Do butterflies like lavender?
Butterflies enjoy dill, parsley, mint, and lavender plants, which they find particularly tasty. Butterflies have a long slender tongue called a proboscis that they use to sip nectar from flowers.
A butterfly uses its proboscis much like we use a straw for drinking the liquid. In order to do this, a butterfly uses muscles located near the base of its antennae to open and close its proboscis.
Butterflies are often seen on lavender plants in the summertime sipping nectar from the pretty purple flowers. Lavender is also easy to grow and maintains its beauty throughout the summer, making it a great plant for attracting butterflies.
What butterflies are attracted to lavender?
Among other types of butterflies, these two are mainly attracted to lavender: Horace’s Duskywing and the Western Tiger Swallowtail.
The Horace’s Duskywing (Erynnis Horatius) is one that uses lavender as a host plant. This means that this species of butterfly will lay their eggs on, or very near, a lavender plant. The egg-laying female will pick out a place on the plant where her caterpillars will have enough food to eat once they hatch.

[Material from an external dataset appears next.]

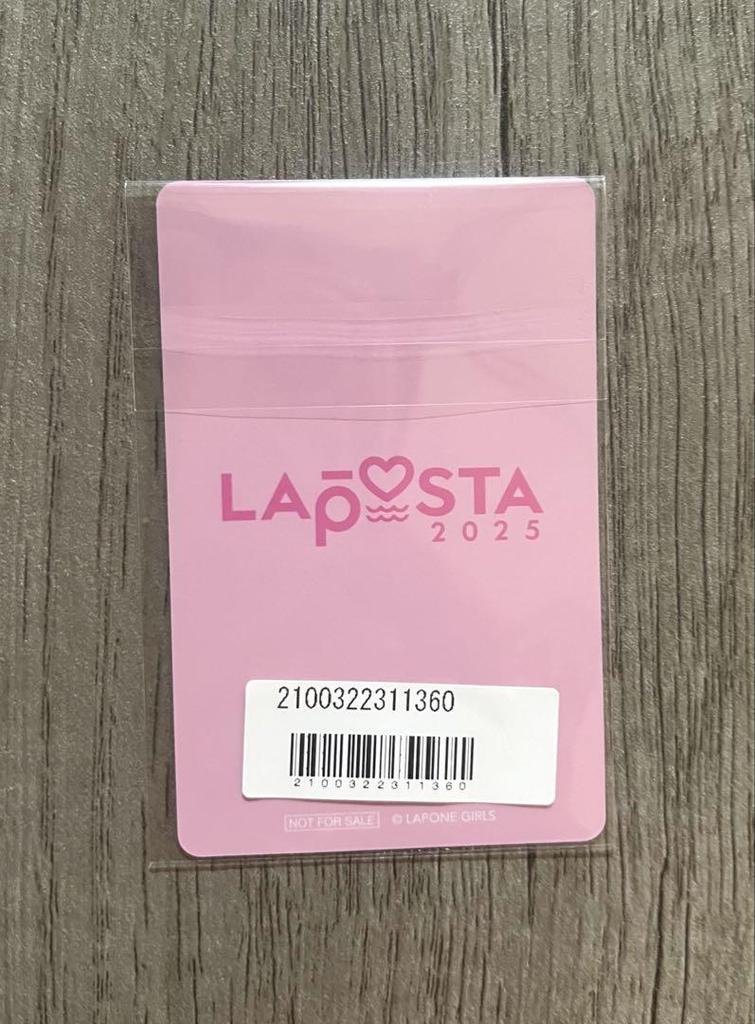 [USED] FC Limited Laposta 2025 DVD Momona Kasahara Trading Card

Why do white butterflies like lavender?
Butterflies are attracted to lavender plants for the same reason they are attracted to most flowers: nectar. The flowers of the lavender plant produce a sweet, sugary nectar that butterflies can sip using their long, coiled proboscis. Butterflies also like the color and fragrance of lavender plants.

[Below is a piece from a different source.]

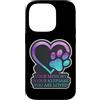 Your Memory Is Our Keepsake Pet Cat Dog Custodia per iPhone 14 Pro La tua memoria è il nostro ricordo per animali domestici, gatti e cani, a forma di zampa a forma di cuore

The lavender plant is a flowering shrub that produces many small flower clusters on upright spikes. The flower clusters are dense with tiny individual blooms, which makes them an appealing source of nectar for butterflies.
Do butterflies eat lavender?
Butterflies do eat lavender; they are just very picky. They often prefer to sip from the flowers in the morning and before dusk. Butterflies drink nectar through their tongues which act like straws.
Do monarch butterflies like lavender?
Monarch butterflies (Danaus plexippus) are native throughout most of the United States and Mexico. The adult butterflies feed on a variety of nectar-producing flowers, including lavender blooms. However, the female monarch butterfly prefers to lay her eggs on milkweed plants (Asclepias spp.) rather than lavender plants, so even if lavender attracts monarchs, it is not an optimal plant for them.
Lavender flowers attract adult monarch butterflies because they are full of nectar and contain nepetalactone, which is a chemical that monarchs find attractive.
Lavender flowers also contain other chemicals that attract parasitic wasps and predatory insects, which the monarch butterfly will use as a warning mechanism to avoid these areas. These wasps and insects can be attracted to the same nectar found in lavender flowers.
The female monarch butterfly prefers to lay her eggs on milkweed rather than lavender because this is the only food source for the caterpillars. Milkweed contains cardenolide aglycones that serve as a protective mechanism against predators by making it distasteful to them. Caterpillars do not have an alternative food source and need to eat milk.
In conclusion, Butterflies love lavender and will often be drawn to the scent. Putting a branch of lavender in your garden is a surefire way to attract them, especially if you live in an area where they are in abundance. Some butterfly farms will even grow large fields of it, which help draw butterflies from far-off places.